Mon père et ma mère l’ont reçu à plusieurs reprises et l’appréciaient.

Pour eux, il était un modèle de réussite sociale, un étudiant en médecine parti de rien.

Il était charmant et, chose importante pour mes parents, il était toujours bien habillé.

Nous allions nous promener tous les deux: nous avons visité l’hôpital franco-musulman de Bobigny (aujourd’hui l’hôpital Avicenne) où il était externe, nous allions au cinéma à Paris.

Il venait parfois me chercher en Jaguar qu’il avait dénichée je ne sais où.

Je vivais avec lui dans un monde imaginaire, loin de l’autorité de mon père.

Il n’y avait pas de tension, pas de problèmes, la vie était limpide.

J’étais un enfant solitaire et introverti.

J’évoluais en dehors des autres, de mes camarades de classe ou des professeurs du collège, dans un monde de lecture et de rêve.

Je n’aimais pas les cadres imposés par la société.

Je me sentais différent.

Jean était celui qui m’a tendu la main, qui m’a guidé: il était mon tuteur (sans jeu de mots).

Je l’écoutais.

Un jour, nous étions dans sa voiture, il m’a proposé de faire mon éducation sexuelle.

Il a ajouté que cela m’aiderait par la suite avec les filles.

J’ai dit que j’étais d’accord, comme souvent quand on ne veut pas perdre un ami.

“Pendant 2 ans, chez moi (le jeudi en l’absence de mes parents) ou chez lui (le samedi dans sa chambre d’étudiant) j’ai subi une parodie d’initiation:

2 ans de viols, 2 ans de dégoût”.

Après la première fois il m’a dit: ce sera notre secret*.

J’étais sous influence comme l’est un enfant de 11 ans, je me lavais le sexe avant son arrivée.

J’étais sa chose, son déversoir à fantasmes.

Une après-midi, quand il me prenait, il m’a dit qu’il voulait essayer de jouir 2 fois de suite, pour épater les filles.

J’avais honte de ce que je que je subissais.

J’ai encore l’odeur de son parfum (33 brut de Fabergé) sur mon corps et de son sperme dans ma bouche.

Puis nos chemins se sont séparés, j’ai fait ma vie.

Une vie à la dérive, une vie d’alcoolisation et de drogues, de périodes dépressives, de marginalisation, de déscolarisation, …

Tant bien que mal, j’ai eu une vie professionnelle et familiale.

A 38 ans, soit 27 ans près les viols, j’ai été pris dans la rue d’une crise de panique aigue: je ne pouvais plus avancer car il m’était impossible de regarder les enfants, de les croiser.
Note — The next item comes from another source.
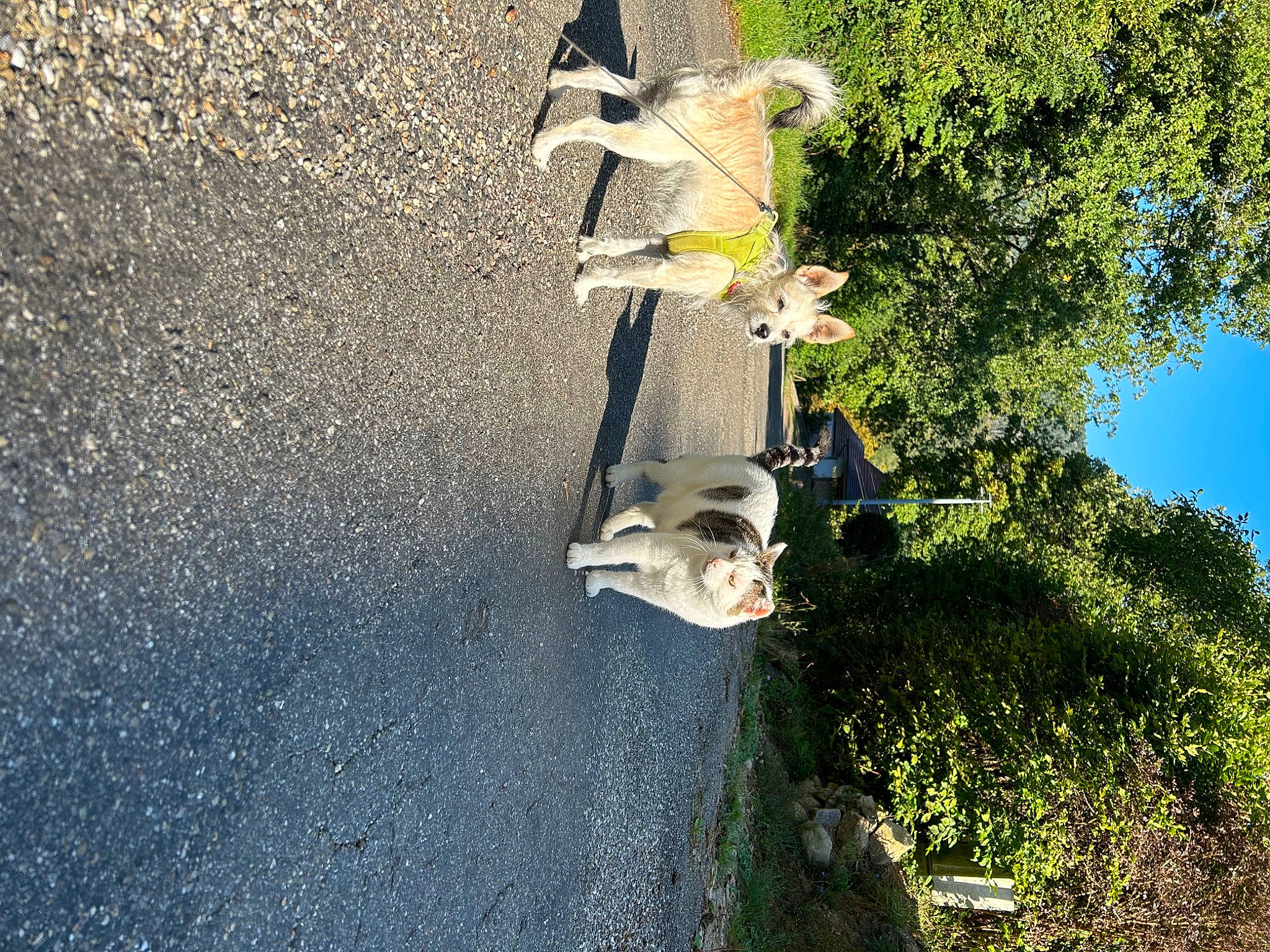Toby participe au concours pour gagner de l'argent avec cette photo : asphalt, automotive_wheel_system, concrete, dog, grass, landscape, leisure, motor_vehicle, plant, reflection, road, road_surface, shadow, shrub, sky, soil, tar, tints_and_shades, tree, water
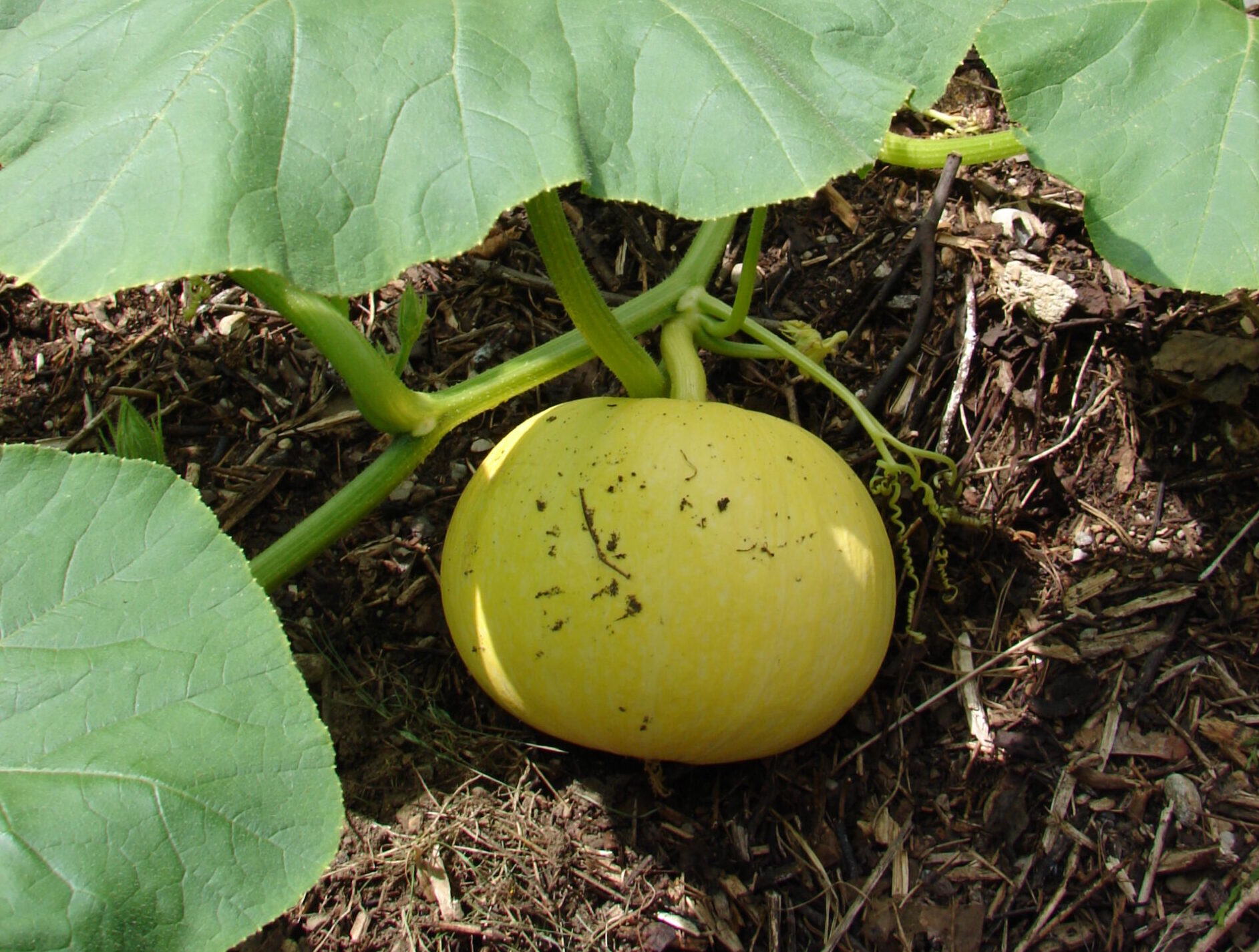 Kürbis, Quelle: BKD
J’avais peur de les toucher et d’abuser d’eux.

Je n’avais pas oublié ce que j’avais subi, mais ma mémoire avait placé ces viols sous anesthésie.

Je me suis mis de nouveau à boire de façon compulsive, j’étais saoul tous les soirs.

Je n’étais rien, de la merde tout simplement.

J’avais perdu toute estime de moi.

Pour ne pas sombrer dans la folie, j’ai contacté un psychiatre en urgence.

J’ai survécu grâce à la bienveillance et à l’intelligence de tous les thérapeutes, et de ma famille.

Je pensais que les sévices sexuels étaient de ma faute puisque je ne m’y étais pas opposé.

Une sorte de viol avec consentement.

J’ai développé de nombreux TOC (phobies du suicide, des enfants bien sûr, de la foule, des pièces closes…).

Je ne pouvais pas avoir de tendresse pour mes propres enfants et mon épouse.

Le pédophile est un pervers qui avance masqué, un prédateur sexuel.

Il arrive à développer chez sa victime un sentiment de culpabilité: je me suis longtemps senti fautif.

Il m’a demandé une seule fois de ne rien dire car il savait que je ne parlerai pas.

 

Ma vie a changé maintenant.

Elle est devenue un combat contre la pédophilie qui porte sur trois axes principaux:

1. L’Assemblée nationale a voté le mardi 15 mai 2018 le premier article du projet de loi contre les violences sexuelles et sexistes.

Le délai de prescription passe désormais à 30 ans au lieu de 20 après la majorité.

C’est une avancée mais la question de l’imprescriptibilité devra être soulevée et la loi fait fi de l’amnésie post-traumatique.

Last but not least, l’article 2 ne prend pas en compte l’âge minimum de 15 ans pour la qualification en viol.

2. Il existe plusieurs casiers judiciaires.

Le casier judiciaire n°3 est exclusivement destiné aux magistrats.

Le casier n°2 est réservé au listing des condamnations et peut être blanchi au bout d’un certain délai.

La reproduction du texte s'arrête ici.